A 200 g aqueous solution is 20% (by mass) NaCl (m.w. = 58.44 g mol–1). What is the mole fraction of NaCl?

Solution

\begin{align*} m_{\mathrm{NaCl}} &= 200~\mathrm{g~solution} \times 0.2 = 40~\mathrm{g} \\ m_{\mathrm{water}} &= 200~\mathrm{g~solution} - 40~\mathrm{g~NaCl} = 160.0~\mathrm{g} \\[2ex] n_{\mathrm{NaCl}} &= 40~\mathrm{g} \left ( \dfrac{\mathrm{mol}}{58.4~\mathrm{g}} \right ) = 0.685~\mathrm{mol}\\ n_{\mathrm{water}} &= 160~\mathrm{g} \left ( \dfrac{\mathrm{mol}}{18.02~\mathrm{g}} \right ) = 8.88~\mathrm{mol}\\[2ex] \chi_{\mathrm{NaCl}} &= \dfrac{n_{\mathrm{NaCl}}}{n_{\mathrm{tot}}} = \dfrac{0.685}{9.565} = 0.072 \end{align*}

### Problem 4

A 5 g aqueous solution is 20% (by mass) NaCl (m.w. = 58.44 g mol–1). What is the mole fraction of NaCl?

Solution

\begin{align*} m_{\mathrm{NaCl}} &= 5.00~\mathrm{g~solution} \times 0.2 = 1.0~\mathrm{g} \\ m_{\mathrm{water}} &= 5.00~\mathrm{g~solution} - 1.0~\mathrm{g~NaCl} = 4.0~\mathrm{g} \\[2ex] n_{\mathrm{NaCl}} &= 1.0~\mathrm{g} \left ( \dfrac{\mathrm{mol}}{58.4~\mathrm{g}} \right ) = 0.0171~\mathrm{mol}\\ n_{\mathrm{water}} &= 4.0~\mathrm{g} \left ( \dfrac{\mathrm{mol}}{18.02~\mathrm{g}} \right ) = 0.222~\mathrm{mol}\\[2ex] \chi_{\mathrm{NaCl}} &= \dfrac{n_{\mathrm{NaCl}}}{n_{\mathrm{tot}}} = \dfrac{0.0171}{0.2391} = 0.072 \end{align*}

### Problem 5

What is the mole fraction of NaCl (m.w. = 58.44 g mol–1) in a 20% (by mass) aqueous solution?

Solution

Assume a mass of the solution. 100 g is convenient.

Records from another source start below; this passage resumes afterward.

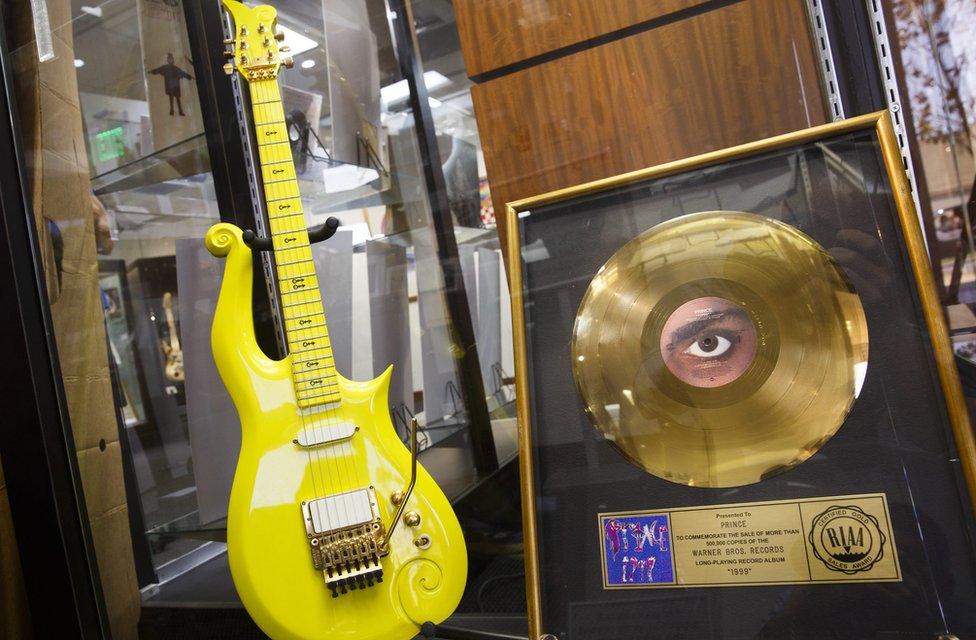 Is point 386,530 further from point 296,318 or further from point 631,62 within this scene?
point 631,62

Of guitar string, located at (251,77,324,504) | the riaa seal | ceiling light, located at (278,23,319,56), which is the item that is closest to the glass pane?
the riaa seal

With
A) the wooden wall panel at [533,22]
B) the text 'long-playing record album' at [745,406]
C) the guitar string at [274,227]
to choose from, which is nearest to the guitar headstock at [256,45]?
the guitar string at [274,227]

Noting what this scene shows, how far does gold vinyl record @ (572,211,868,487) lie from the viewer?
2.50ft

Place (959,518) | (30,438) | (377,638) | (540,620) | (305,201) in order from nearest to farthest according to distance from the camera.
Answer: (959,518) < (540,620) < (377,638) < (30,438) < (305,201)

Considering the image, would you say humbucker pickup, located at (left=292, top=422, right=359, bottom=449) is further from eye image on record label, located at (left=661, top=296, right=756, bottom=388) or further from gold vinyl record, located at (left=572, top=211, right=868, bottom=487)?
eye image on record label, located at (left=661, top=296, right=756, bottom=388)

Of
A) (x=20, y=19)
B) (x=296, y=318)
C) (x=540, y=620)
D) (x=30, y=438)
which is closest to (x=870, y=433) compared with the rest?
(x=540, y=620)

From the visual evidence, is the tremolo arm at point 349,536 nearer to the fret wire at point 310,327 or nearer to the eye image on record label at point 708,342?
the fret wire at point 310,327

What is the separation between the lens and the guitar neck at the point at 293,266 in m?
0.95

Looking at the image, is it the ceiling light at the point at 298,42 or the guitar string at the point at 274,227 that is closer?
the guitar string at the point at 274,227

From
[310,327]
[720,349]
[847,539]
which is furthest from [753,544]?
[310,327]

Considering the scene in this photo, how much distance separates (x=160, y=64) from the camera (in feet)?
4.77

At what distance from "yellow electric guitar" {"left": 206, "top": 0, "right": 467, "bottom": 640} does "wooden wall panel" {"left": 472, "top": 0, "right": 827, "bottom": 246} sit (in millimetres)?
319

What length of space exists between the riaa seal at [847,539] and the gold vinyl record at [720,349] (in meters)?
0.07

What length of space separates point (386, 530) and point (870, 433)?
1.85 ft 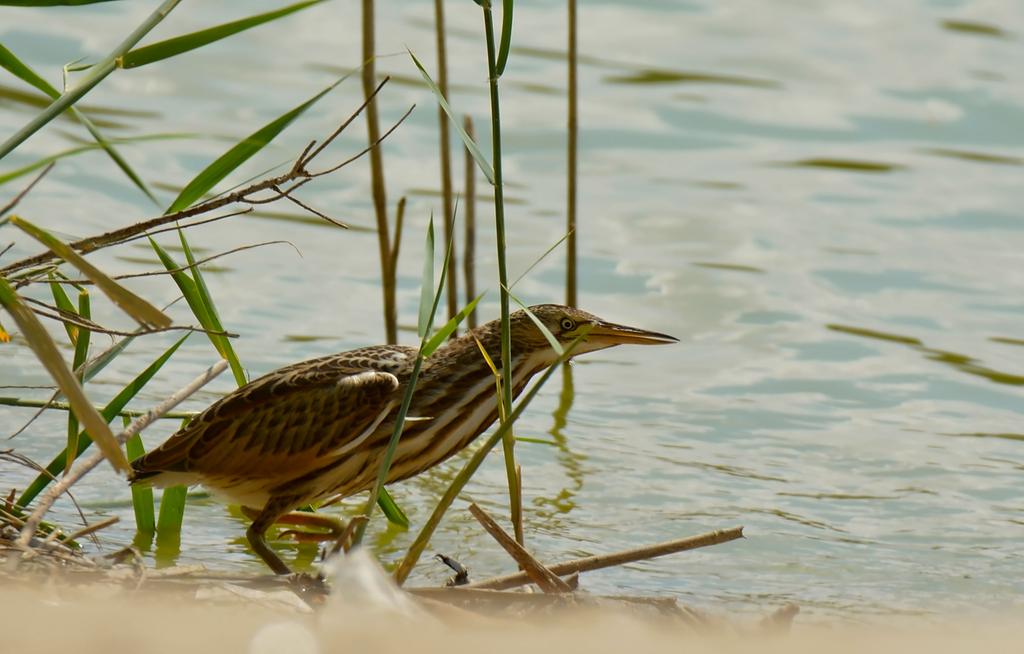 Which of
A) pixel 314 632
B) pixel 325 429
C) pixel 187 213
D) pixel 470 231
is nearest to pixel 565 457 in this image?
pixel 470 231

\begin{align*} m_{\mathrm{NaCl}} &= 100~\mathrm{g~solution} \times 0.2 = 20~\mathrm{g} \\ m_{\mathrm{water}} &= 100~\mathrm{g~solution} - 20~\mathrm{g~NaCl} = 80.0~\mathrm{g} \\[2ex] n_{\mathrm{NaCl}} &= 20~\mathrm{g} \left ( \dfrac{\mathrm{mol}}{58.4~\mathrm{g}} \right ) = 0.34247~\mathrm{mol}\\ n_{\mathrm{water}} &= 80~\mathrm{g} \left ( \dfrac{\mathrm{mol}}{18.02~\mathrm{g}} \right ) = 4.4395~\mathrm{mol}\\[2ex] \chi_{\mathrm{NaCl}} &= \dfrac{n_{\mathrm{NaCl}}}{n_{\mathrm{tot}}} = \dfrac{0.34247}{4.78198} = 0.072 \end{align*}

### Problem 6

This problem illustrates determining the concentration of 1 teaspoon sugar in a typical cup of tea.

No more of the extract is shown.